▶ Exercise
In the entries below, find the line with "used 2023 Hyundai" and the line with "Đir po zadarskoj rivi 25. kolovoza 2016."; reproduce those two lines and all lines between them exactly, without pictures.

▶ Supplied material
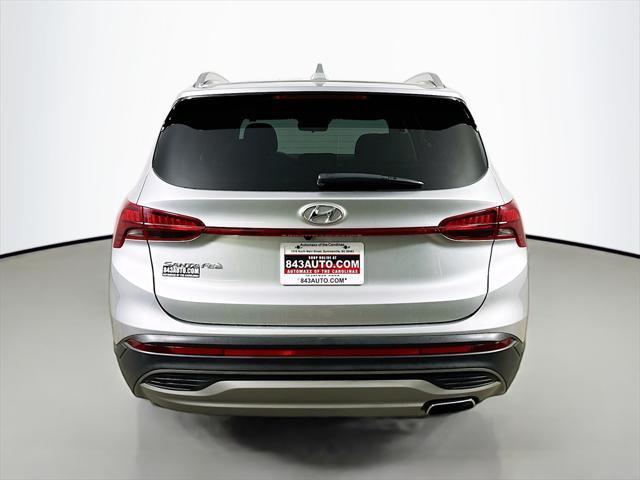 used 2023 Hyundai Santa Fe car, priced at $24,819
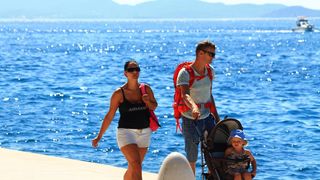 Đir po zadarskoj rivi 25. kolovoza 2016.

...

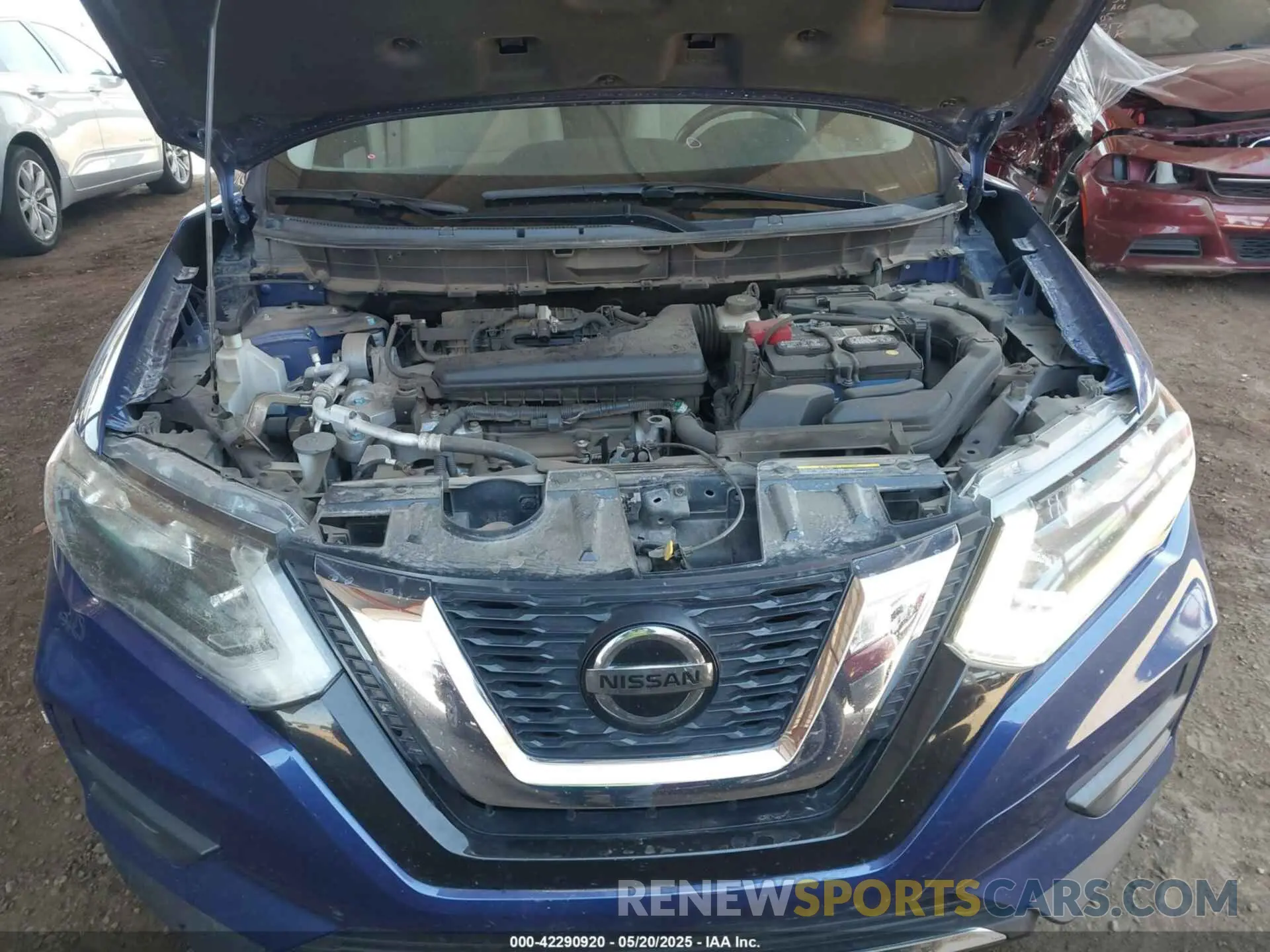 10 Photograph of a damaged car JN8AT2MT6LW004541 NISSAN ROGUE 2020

▶ Answer to this problem
 used 2023 Hyundai Santa Fe car, priced at $24,819
 Đir po zadarskoj rivi 25. kolovoza 2016.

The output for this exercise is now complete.